Children stuck in failing schools are losing out on a decent education, students who could benefit more from other schools miss opportunities,…competition is a good way to let the schools compete for the students, let them thrive to improve.
Do we want to keep our schools mediocre?
I am all for choice…they are my kids, why should someone else decide where they have to attend school?

— Verona
1:17 pm October 21st, 2009

By all means, let’s pass a law that says every kid in the state can be enrolled in the Clayton school district. I can’t imagine why that wouldn’t work…

— Left_in_Jeff
2:06 pm October 21st, 2009

If we want real education reform universal public school Pre-K is the only way to go. All the research supports Pre-K.
There is no hard emperical data to support open enrollment - public school “vouchers” in improving districts or student achievment.
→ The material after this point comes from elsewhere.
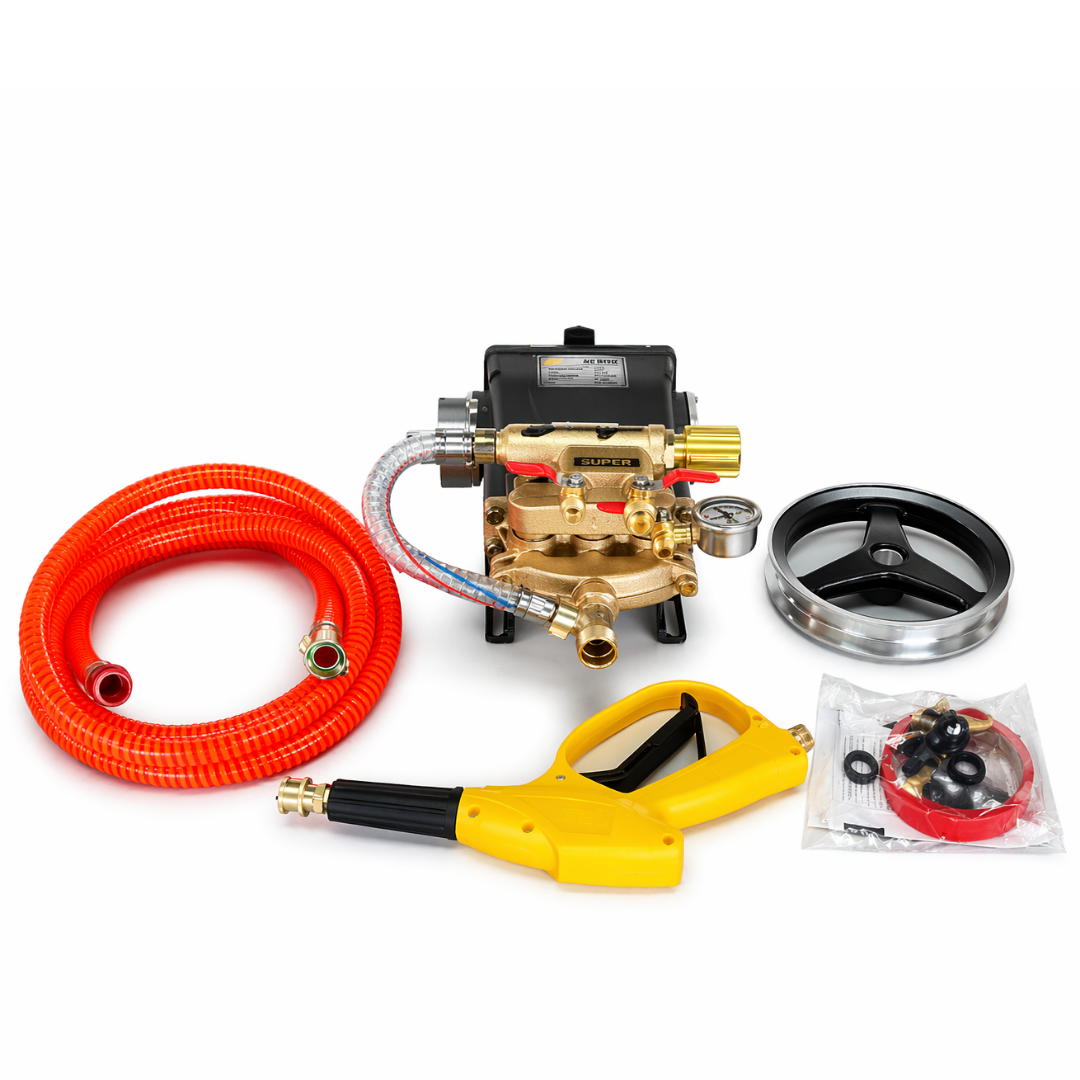 SF-ATP 28 HIJET High Pressure Pump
There is no evidence to support that free-market “competition” between
“have” and “have-not” districts improves education. In fact there is evidence that it has a negative impact on the districts that lose students
and motivated parents. Right now most of us aren’t real charmed with
the “competition” from Wall-Street record.

— Byron
2:10 pm October 21st, 2009

Amazingly, purported “competition” in public education does not improve student performance. Public schools take all students, a novel concept for private schools. Open enrollment, vouchers and other efforts to destroy public education do not improve educational opportunities for students. They merely allow affluent students to leave, taking resources with them which make it difficult to meet the needs of those students who remain. Perhaps we should support public schools and our teachers to help enhance educational opportunities.

— Woody
4:24 pm October 21st, 2009

Byron, Woody:

You could only say there is ‘no evidence’ regarding the potential benefits of giving parents educational options if you haven’t bother to look for any. Educational choice programs have been the subject of a quite substantial body of research over the past two decades - not just on the national scale, but internationally as well! - and much (though not all) of it has suggested that when parents have a broader range of educational options for their children, schools tend to perform better and the parents tend to be MUCH happier with the education their children receive. As a starting point, I’d recommend reading “School Choice: The Findings” by Herbert J. Walberg, or perusing the research posted at Harvard’s website dedicated to education policy research: http://www.hks.harvard.edu/pepg/research.htm . Having done that, you might still disagree with the conclusions that the researchers have come to - but you would at least be engaging in a reasoned discussion instead of spouting nonsense like “there’s no evidence…”

— Pelagius
9:03 am October 22nd, 2009

Pelagius,
We can never enter upon the path of virtue, unless we have hope as our guide and companion . . . looked up Walberg’s stuff published by the Libertarian Think Tank Cato Institute. This group is widely recognized as being driven by ideology not data. Still stand by the statement but will add no CREDIBLE emperical evidence in support of “Open Enrollment.”
Last evening Senator Cunningham may have let the Virtual Cat out
of the Virtual Open Enrollement bag. For-profit virtual school companies have benefited by removing taxpayer dollars from residents’ school districts remember - might be a concern regarding Open Enrollment.